Hacker News new | ask | show | jobs
by gh1 1483 days ago
My experience matches yours. Recently, I was trying to solve an optimization problem using Deep RL. As usual, I had to run many experiments over several days using various tricks and hyperparameters. Finally, it turned out something related to the symmetry of the action space made a huge difference in learning.

Anyhow, the experimentation stage requires a certain discipline and feels tedious at times. But the moment when learning takes off, it feels great, and for me personally, compensates for the tedious phase before.

It's certainly not fun for everyone, but I guess it could be fun for the target audience of the course (ML engineers/Data Scientists).

Regarding frameworks, my experience has been different. I find RLlib to be more modular and adaptable than SB3. But the learning curve is certainly steeper. The biggest differentiating factor for me is production readiness. Assuming that we are learning something in order to actually use it, I would recommend RLlib over SB3. The equation for researchers may be different though.

1 comments

Have you ever encountered a situation where RL solved a (IRL "people paid me non-research-grant money for this") problem for you faster than classical controls engineering and/or planning? I have not.
Depends on what you mean by faster. Do you mean "time to solution" or "time to inference"? I think there are also more factors to take into consideration when considering the merit of the method e.g. performance, robustness, ability to handle non-linearity, ability to solve the full online problem etc.

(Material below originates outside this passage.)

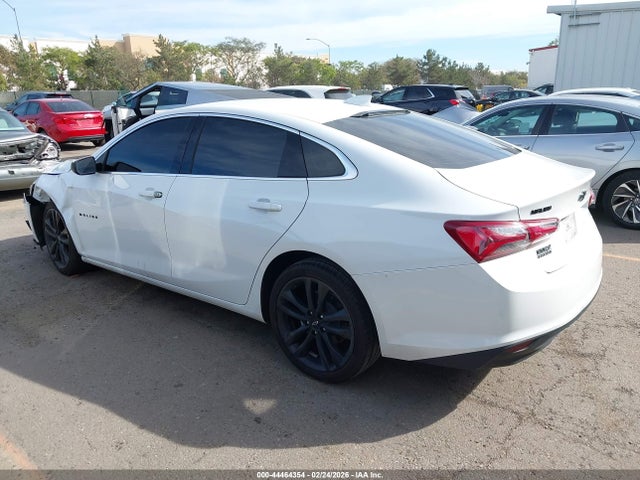 CHEVROLET MALIBU FWD 1LT - 3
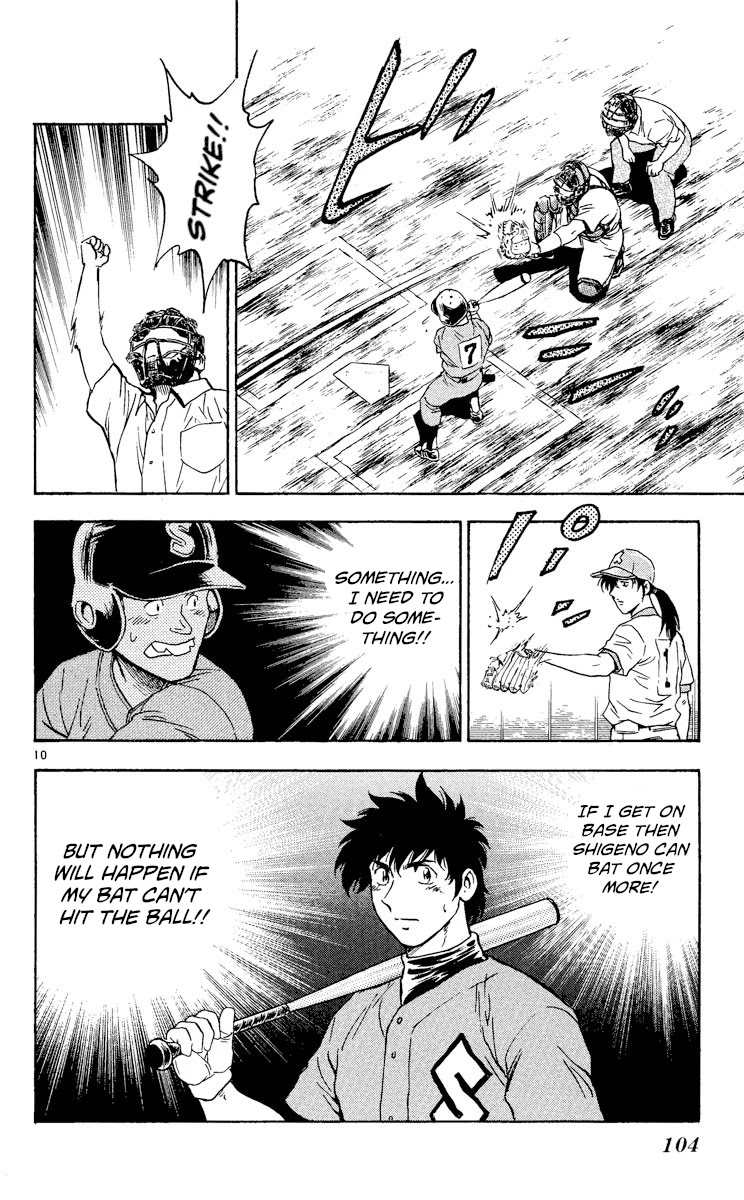 Major Chapter 373 page 10 - Chapter 373: Is There Nothing Else We Can Do...?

When all these factors are taken into account, I have encountered situations where Deep RL performed better.

There are also very public examples of this e.g. Google's data center cooling [0] and competitive sailing [1].

[0] https://www.technologyreview.com/2018/08/17/140987/google-ju... [1] https://www.mckinsey.com/business-functions/mckinsey-digital...

> Do you mean "time to solution" or "time to inference"?

I meant time to a real solution that works well enough to put into a product.

> There are also very public examples of this e.g. Google's data center cooling [0] and competitive sailing [1].

DeepMind really needed DRL wins on real problems.

McKinsy has a strong incentive to be able to say "we know all about the AI RL magic" (and all the better that it's in the context of an oligarchy's entry in a Rich Person Sport... such C-suite/investor class cred!)

In both cases, DRL was used because it was the right tool for the job. But, in both cases, proving DRL can be useful was the job! Go is a better example, but of course wasn't solving a real problem.

If you throw enough engineering time and compute at DRL, it can usually work well enough. (There is a real benefit to "just hack at it long enough" over "know the right bits of control theory".)